Among the records below, find the line with "Port & Company" and the line with "Juanlu Sanchez del". Set down both and every line between, exactly and with no pictures, but nothing else.

═══ RECORDS SHOWN

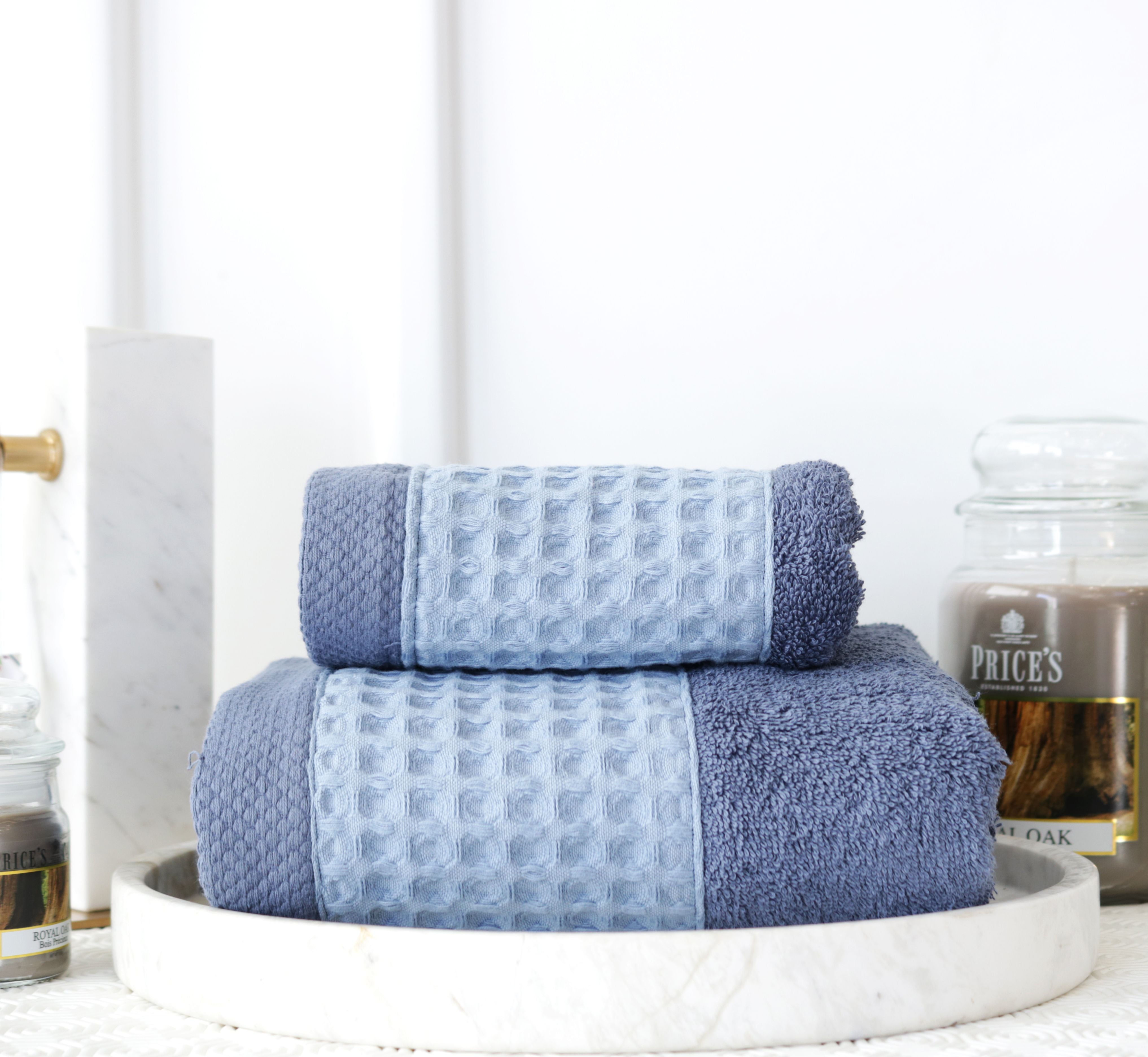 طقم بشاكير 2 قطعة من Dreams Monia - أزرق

══════
═══ RECORDS SHOWN

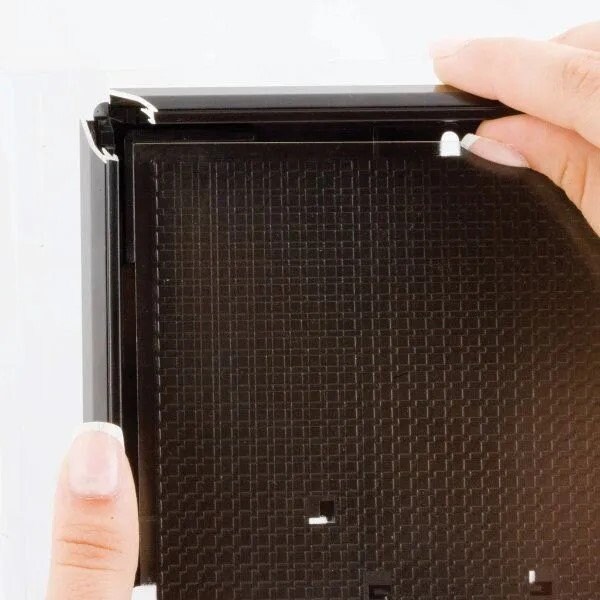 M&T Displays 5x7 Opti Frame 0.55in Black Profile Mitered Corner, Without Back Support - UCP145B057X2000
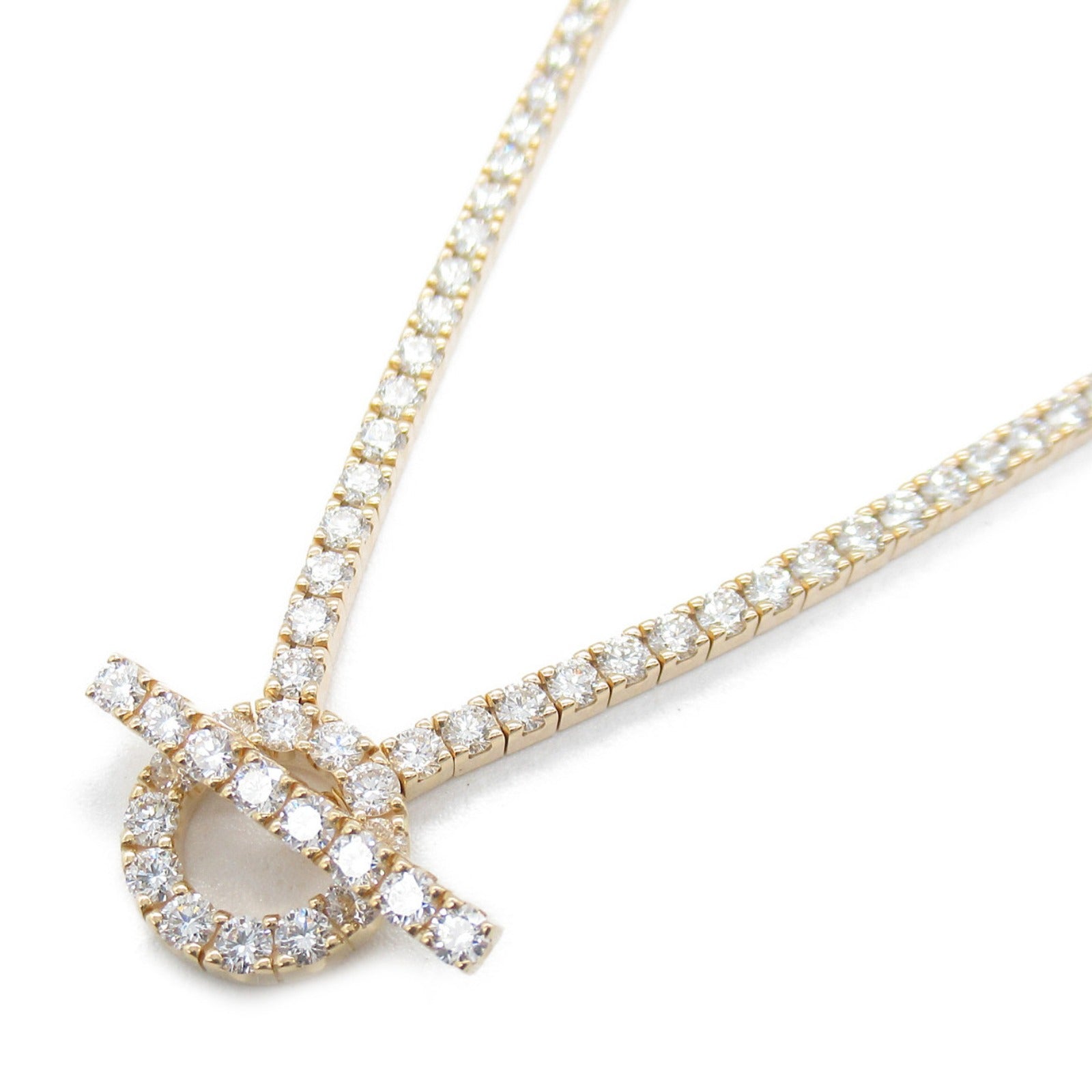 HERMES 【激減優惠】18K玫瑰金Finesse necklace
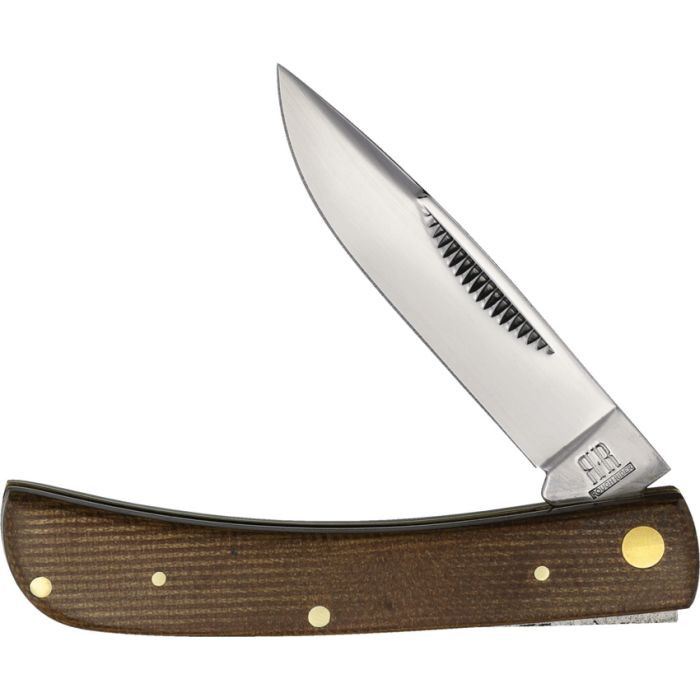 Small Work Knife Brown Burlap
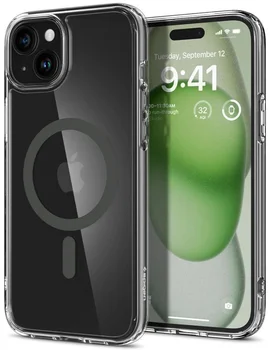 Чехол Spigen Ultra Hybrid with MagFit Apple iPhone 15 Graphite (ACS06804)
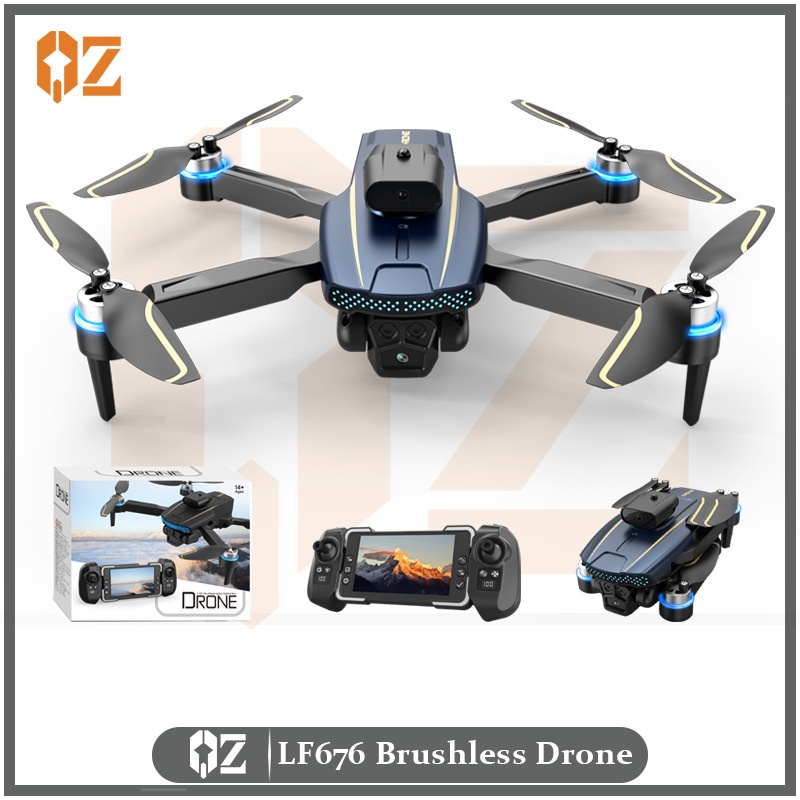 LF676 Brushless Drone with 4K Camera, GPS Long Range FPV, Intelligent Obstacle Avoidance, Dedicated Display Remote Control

══════
═══ RECORDS SHOWN

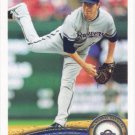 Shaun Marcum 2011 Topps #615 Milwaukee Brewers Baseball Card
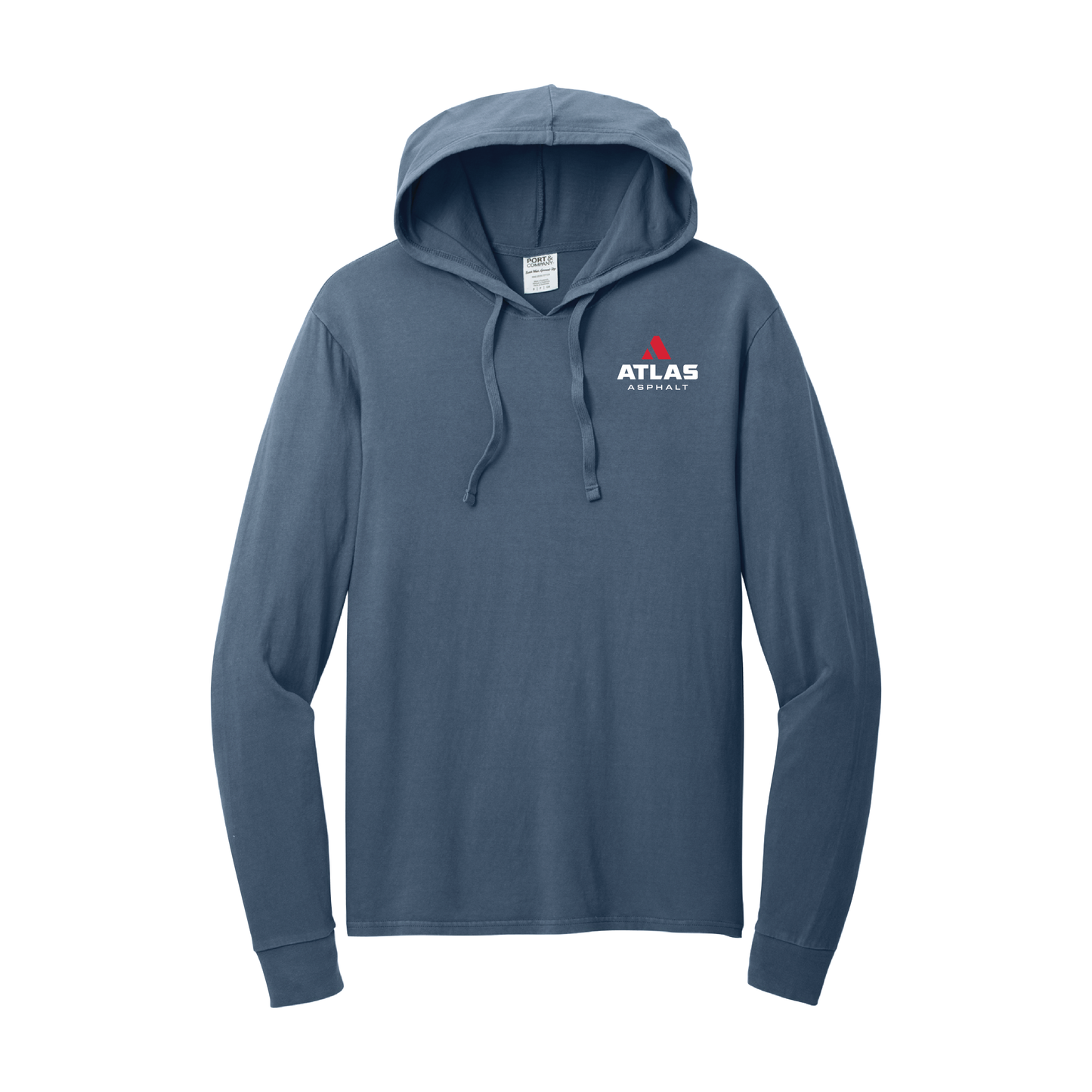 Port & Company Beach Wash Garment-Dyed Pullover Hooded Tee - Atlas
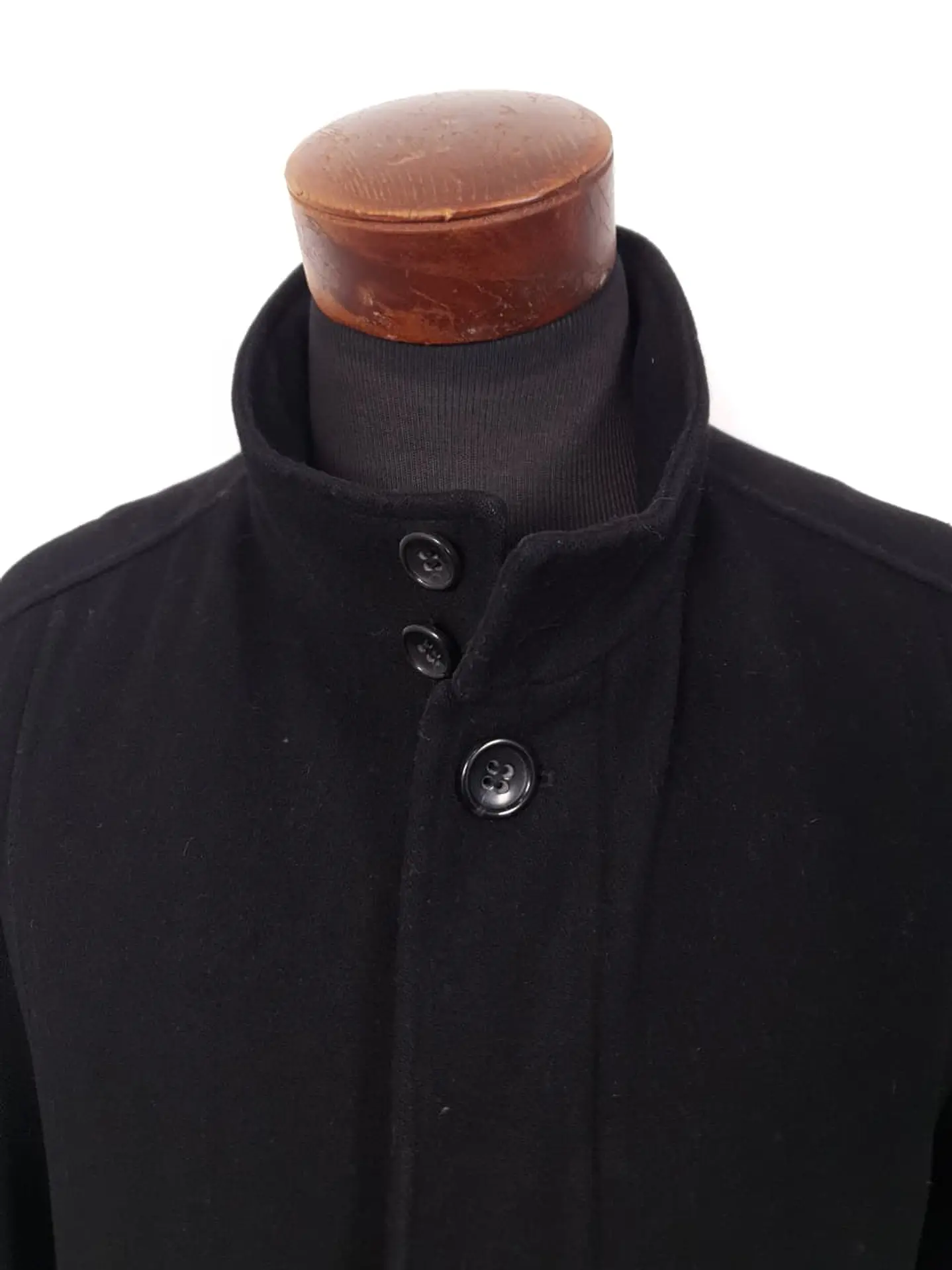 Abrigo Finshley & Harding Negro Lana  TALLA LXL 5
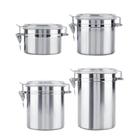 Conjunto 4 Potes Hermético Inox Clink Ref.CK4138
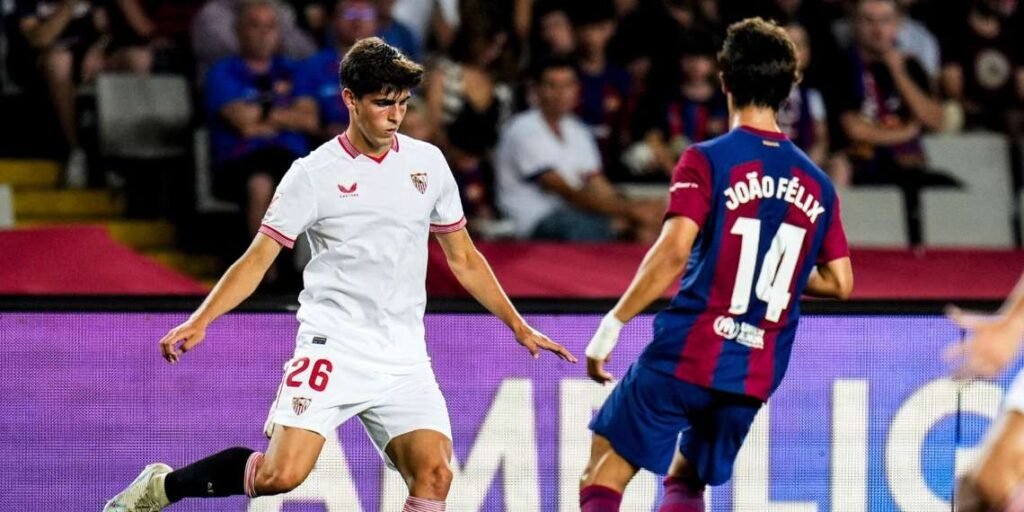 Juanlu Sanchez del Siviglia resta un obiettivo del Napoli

══════

* RESULT OF THE EXERCISE:
 Port & Company Beach Wash Garment-Dyed Pullover Hooded Tee - Atlas
 Abrigo Finshley & Harding Negro Lana  TALLA LXL 5
 Conjunto 4 Potes Hermético Inox Clink Ref.CK4138
 Juanlu Sanchez del Siviglia resta un obiettivo del Napoli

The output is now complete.